Bogus votes: SC directs ECP not to shift votes to other constituencies

Orders the election body to obtain voters’ consent before registering votes.


Azam Khan November 08, 2012
Bogus votes: SC directs ECP not to shift votes to other constituencies

ISLAMABAD: The superior court on Wednesday directed the Election Commission of Pakistan (ECP) to not register votes to other constituencies without obtaining voters’ consent.   

A three-member bench headed by Chief Justice Iftikhar Muhammad Chaudhry, heard a petition filed by Pakistan Tehreek-i-Insaf (PTI) chairman Imran Khan regarding bogus votes.

Justice Azmat Sheikh Saeed and Justice Gulzar Ahmad were the other two members of the bench.

During the hearing, Jamaat-i-Islami’s (JI) counsel Rasheed A Rizvi informed the court that the ECP had shifted votes of migrants, particularly those in Karachi, to their permanent addresses without their consent.

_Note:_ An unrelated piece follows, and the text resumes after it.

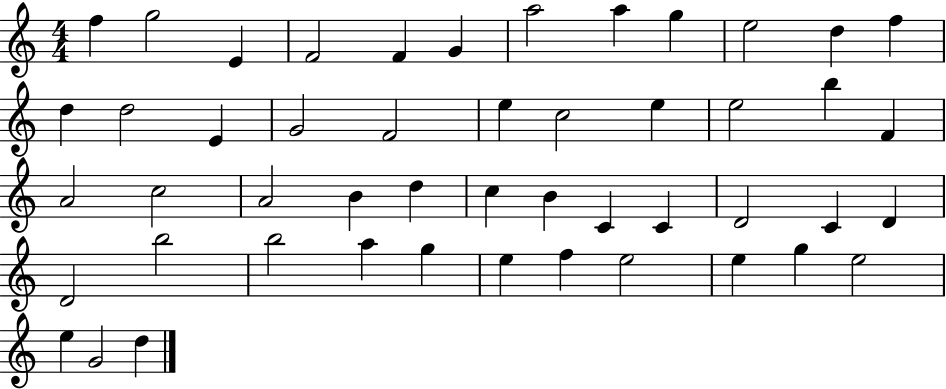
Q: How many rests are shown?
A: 0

To this Director General ECP Sher Afghan replied that the election body could not approach the migrants due to floods in Sindh and that after deliberating with the National Database and Regulatory Authority (NADRA), votes of these people were registered on their permanent addresses.

Rizvi, however, snubbed the move saying that the migrants had been living in the province since long and it was not possible for them to vote from their native towns.

After hearing the arguments, the court maintained that ECP cannot register votes to any other constituency without obtaining voters’ consent. The apex court said the exercise was against the commission’s own laws and rules.

The court also ordered ECP to remove errors from electoral rolls and directed the commission to finalise the lists on an emergency basis. The bench stated that there should be no delay in elections due to inaccuracies in the lists.

The Supreme Court reiterated that the Army and Frontier Corps (FC) can be called to assist the ECP in the next general elections, as per its July 4 order.

The court adjourned the hearing till Thursday (today).

Published in The Express Tribune, November 8th, 2012.